Most are surprisingly carlike in their handling, and it's not unusual for a "sport ute" to sport a CD player, keyless entry, air bags, anti-lock brakes, heated mirrors, cruise control, sunroof and even leather interior.But SUVs can still take on the meanest streets, and when driven sensibly they can provide you and your passengers a measure of security. They give a commanding view of the road, and recent government studies indicate that in collisions with cars, sport utes provide better protection.
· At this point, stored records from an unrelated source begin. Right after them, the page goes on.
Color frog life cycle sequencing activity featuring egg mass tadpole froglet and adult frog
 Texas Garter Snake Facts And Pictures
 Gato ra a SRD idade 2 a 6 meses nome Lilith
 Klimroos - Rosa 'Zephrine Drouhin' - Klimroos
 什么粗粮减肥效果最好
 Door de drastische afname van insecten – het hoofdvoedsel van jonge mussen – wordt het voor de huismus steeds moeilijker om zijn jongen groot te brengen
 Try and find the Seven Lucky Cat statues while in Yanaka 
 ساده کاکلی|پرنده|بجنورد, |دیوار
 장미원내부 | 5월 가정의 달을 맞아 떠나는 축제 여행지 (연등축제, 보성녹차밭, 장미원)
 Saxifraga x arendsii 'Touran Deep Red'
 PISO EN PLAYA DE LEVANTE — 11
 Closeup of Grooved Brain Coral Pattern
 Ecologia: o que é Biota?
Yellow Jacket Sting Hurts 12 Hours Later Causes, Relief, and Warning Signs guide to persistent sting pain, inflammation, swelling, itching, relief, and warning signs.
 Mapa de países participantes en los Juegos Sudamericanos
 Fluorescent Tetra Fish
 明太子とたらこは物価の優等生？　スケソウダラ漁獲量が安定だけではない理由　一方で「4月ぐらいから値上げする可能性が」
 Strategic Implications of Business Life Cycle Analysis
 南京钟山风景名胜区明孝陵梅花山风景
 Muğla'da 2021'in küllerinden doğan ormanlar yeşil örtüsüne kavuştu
There's a sport ute for every buyer, starting with the so-called minis, such as the Suzuki Sidekick (which sells for about $15,700). At the other end of the spectrum, full-size SUVs strive for either an incongruous mix of toughness and luxury, a la the Range Rover HSE ($56,620), or the paramilitary demeanor of the AMG Hummer ($61,000).
If the wide range of prices boggles your mind, prepare for some real confusion: Despite their seemingly singular purpose, sport utilities range from wimp to ruffian when it comes to tackling inclement weather.
Two-wheel-drive SUVs are a lot like family sedans when confronted with anything but warm weather and dry surfaces. Their all-wheel-drive counterparts are good to go in slippery weather and snow, while the traditional four-wheel-drive is as much at home on the highway as it is crossing brooks and mountains.
So the questions become, what do you really need, and how much should you spend to get a vehicle that suits your needs?
Today's sport utes usually offer some version of all-wheel drive or part-time four-wheel drive. With all-wheel drive, power is directed to the wheels as needed. With four-wheel drive, the front and rear axles are locked and power is locked into all four wheels, all the time. In this mode, you shouldn't drive on dry pavement.